Burman also argues that by encouraging people to reclassify income as capital gains rather than wages, eliminating capital taxation or taxing capital income at a lower rate could actually cause economic distortions. In particular, it makes jobs like private equity — where the nature of the job is investing, and so incomes are taxed at capital gains rates rather than normal ones — extremely attractive because you can avoid tax on your salary. "The enormous tax savings available likely lure too many highly productive people into the private equity business, drawing them away from other potentially more socially valuable enterprises," Burman writes.

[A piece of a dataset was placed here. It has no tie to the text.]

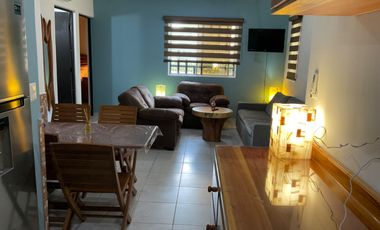 Hermoso Depto.en Residential Alborada de 2 Recamaras , planta bajas en entorno natural, con alberca y estacionamiento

The big problem: not enough money
This is not what the process of cutting taxes actually looks like. (Shutterstock)
By far the biggest weakness of Rubio-Lee is that it would likely dramatically reduce tax revenue. The Tax Foundation estimates it would cost $414 billion a year, and a Tax Policy Center estimate of an earlier plan by Lee that didn't eliminate taxes on capital income found it would cost about $2.4 trillion over 10 years. For context, George W. Bush's 2001 tax cut cost $1.35 trillion over 10 years, and his 2003 one cost $350 billion. The Rubio-Lee plan is more than double the size of those two cuts combined, if the Tax Foundation estimate is to be believed.
Advocates of the plan argue that it will boost growth enough to recoup these staggering losses. The Tax Foundation goes so far as to say that the plan will grow the economy 15 percent and, accordingly, actually increase revenue by $94 billion a year. To call this extremely optimistic would be an understatement. As the Tax Policy Center's William Gale notes, standard economic models suggest a flat tax — which should theoretically boost growth much more than Rubio-Lee — would increase GDP by 4 percent. The idea that a less dramatic change would increase it by 15 percent is just fanciful.
This is by far the aspect of the plan that most concerns the reform conservatives whose work it's based upon. "I like the basic structure of Lee-Rubio," Salam writes. "What I don’t like is that in its current form, it is trying to promise everything to everyone. If Lee-Rubio ever gets to the point where it’s being debated in Congress, it will simply have to raise more revenue." New York Times columnist and Salam collaborator Ross Douthat agrees: "$4 trillion in deficit-financed tax cuts is simply not reasonable given America’s current fiscal situation, and the record of the modern Republican Party offers no reason to trust that pay-fors will emerge organically once a Republican president has been elected."